Portuguese navigator Ferdinand Magellan died fighting warriors led by native chieftain Lapulapu in the Battle of Mactan on April 27, 1521. But was his act a virtual case of suicide? Read on.
Magellan’s death climaxed a series of strange behaviors allegedly attributed to his realization, after landing in Homonhon Island in southern Samar, that his expedition had failed its purpose and had already overstepped its avowed geographical and political limits.
The possible suicide angle can be inferred from a theory proposed by historian Rolando Laguarda Trias, a retired Uruguayan infantry colonel, during a conference on the Magellan expedition’s quest for the Moluccas held in Lisbon, Portugal in 1973.
Laguarda Trias is considered the top expert of early Portuguese and Spanish navigations along the coast of South America. His conference paper on the Magellan expedition was brought to the attention of the English-speaking world by Dr. Jean-Yves Blot, a Portuguese historian, through his monograph “Magellan in the Visayas, March-April 1521: A Possible Landmark in Homonhon Island” (Lisbon, 1997).

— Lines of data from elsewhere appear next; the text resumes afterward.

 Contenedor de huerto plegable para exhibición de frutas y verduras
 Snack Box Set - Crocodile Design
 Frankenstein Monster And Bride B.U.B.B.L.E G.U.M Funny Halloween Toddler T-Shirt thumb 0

Early years Existing literature about Ferdinand Magellan tell that he was born in northern Portugal around 1480. Of noble parentage, he served as a page in the Portuguese Court in his younger years.
In 1505, Magellan sailed for India under Francisco de Almeida, who had been appointed first viceroy of Portuguese India by King Manuel I. Under Almeida, Magellan apparently took part in several fighting on the East African coast and in the great Portuguese naval victory over the Arabs off Diu in the Indian Ocean in 1509.

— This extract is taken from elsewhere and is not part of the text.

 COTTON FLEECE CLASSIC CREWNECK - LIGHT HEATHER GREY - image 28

Magellan was still in India when Afonso de Albuquerque replaced Almeida in 1510. First sent to India in 1503, Albuquerque built a fortress in Cochin, his base for founding the Portuguese empire in the Indian Ocean, which lasted more than a century.

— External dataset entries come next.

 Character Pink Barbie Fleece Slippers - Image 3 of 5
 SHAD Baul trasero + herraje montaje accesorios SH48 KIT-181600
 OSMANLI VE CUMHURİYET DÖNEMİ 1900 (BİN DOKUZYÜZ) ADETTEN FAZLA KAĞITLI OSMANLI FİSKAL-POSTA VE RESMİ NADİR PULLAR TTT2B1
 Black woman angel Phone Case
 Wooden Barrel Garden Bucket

As viceroy, Albuquerque captured Goa in 1510 and converted the place into the center of Portuguese power in the east. In 1511, he seized Malacca on the Malay Peninsula, where he built a naval base. From this base, the Portuguese established trade relations with Macau in China and gained access to the rich spice trade in the East Indies by 1515.
Malacca In 1509, two years before Albuquerque’s siege, Magellan had joined a reconnaissance mission to Malacca. This mission was sent directly from Portugal and headed by Diego Lopes de Sequiera. Magellan was an officer on a fourth ship, sent along from India by Almeida. A fellow officer on the same ship was Francisco Serrano, who would play a significant role in the drama of the Spice Islands.
The mission received a friendly welcome from Sultan Mahamut of Malacca. But the good relations proved illusory, because the Muslim sultan plotted to do away with the strangers by treachery.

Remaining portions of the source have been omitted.